Thursday, December 20, 2007

Legal, Financial and Real Estate Industries Dominate Presidential Fundraising, Study Shows

Report by Public Citizen and Campaign Finance Institute Details Campaign Bundling


WASHINGTON - December 20 - More than half the major fundraisers for the presidential campaigns hail from just three segments of the U.S. economy: lawyers and law firms, representing both corporate and consumer interests; the financial sector; and real estate, according to a joint study released Thursday by Public Citizen and the Campaign Finance Institute.

These industries account for more than 1,100 of the major fundraisers for the presidential candidates. In contrast, most of the 70 major industries represented in the study furnished 15 or fewer major fundraisers, often called “bundlers.”

“Bundlers are a highly concentrated bunch. The paltry number of people who bankroll campaigns shows this private fundraising system is broken,” said Public Citizen President Joan Claybrook. “Congress must require far more transparency in disclosing bundling activity if it wants to fix the presidential public financing system.”

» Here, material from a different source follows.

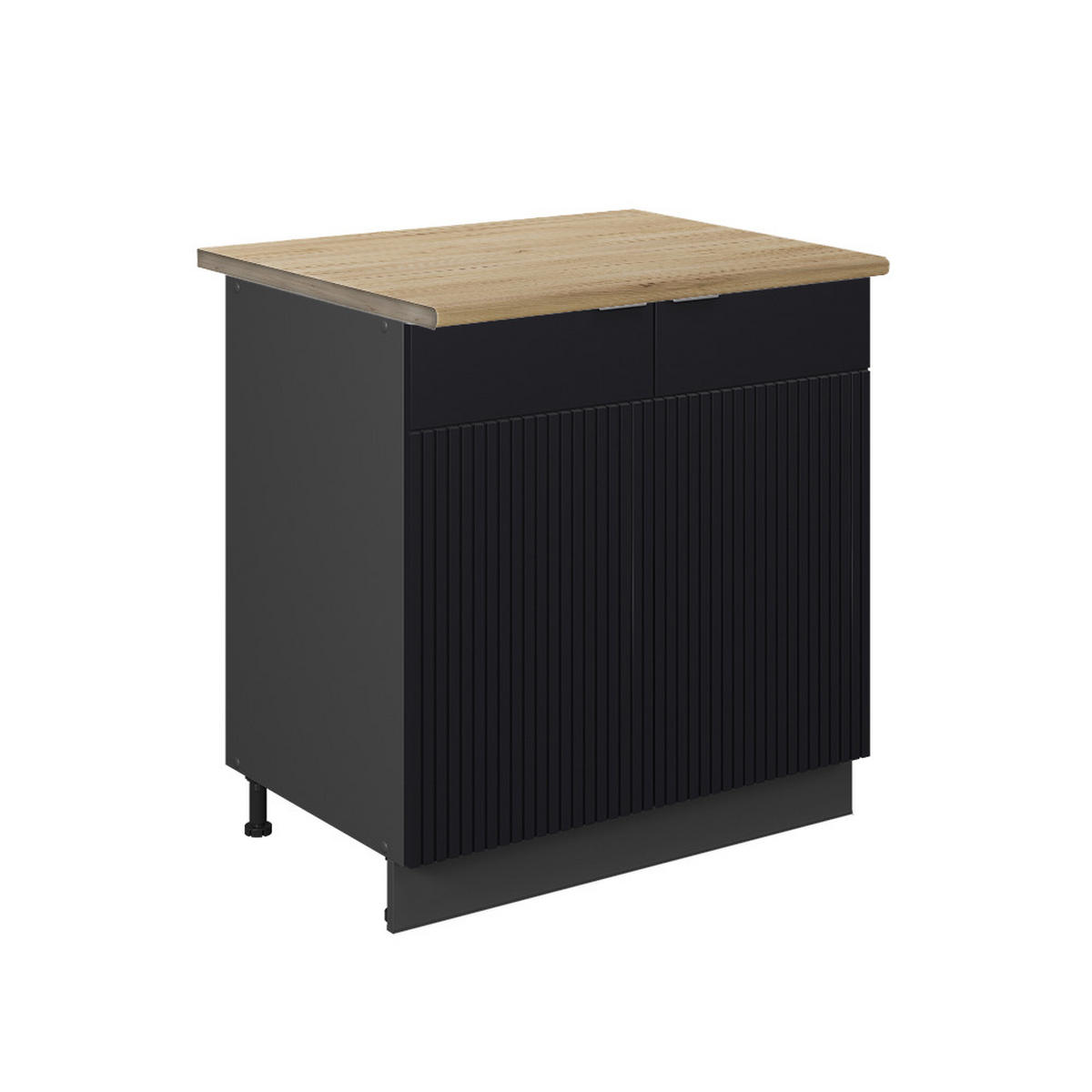 SPÜLENUNTERSCHRANK Fame-Line, Schwarz gestreift, 80 cm mit Regal, AP Eiche - Anthrazit/Schwarz, Holzwerkstoff (80/82/60cm) - Vicco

The study tallies the number of major fundraisers furnished by each industry and breaks down each industry’s fundraisers by party and candidate.

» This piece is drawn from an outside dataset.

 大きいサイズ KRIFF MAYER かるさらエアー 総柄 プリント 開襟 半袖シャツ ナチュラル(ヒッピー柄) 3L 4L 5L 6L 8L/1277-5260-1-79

The two candidates who provide the most details about their bundlers, Democrats Hillary Clinton and Barack Obama, appear to have received more than half their money from these fundraisers. Though other candidates have been less forthcoming about the details of their fundraising operations, there is no indication that they rely any less on major fundraisers than Clinton and Obama.

The study points to the need to modernize the presidential public financing system so candidates need not rely on deep-pocketed, special-interest donors to run competitive campaigns.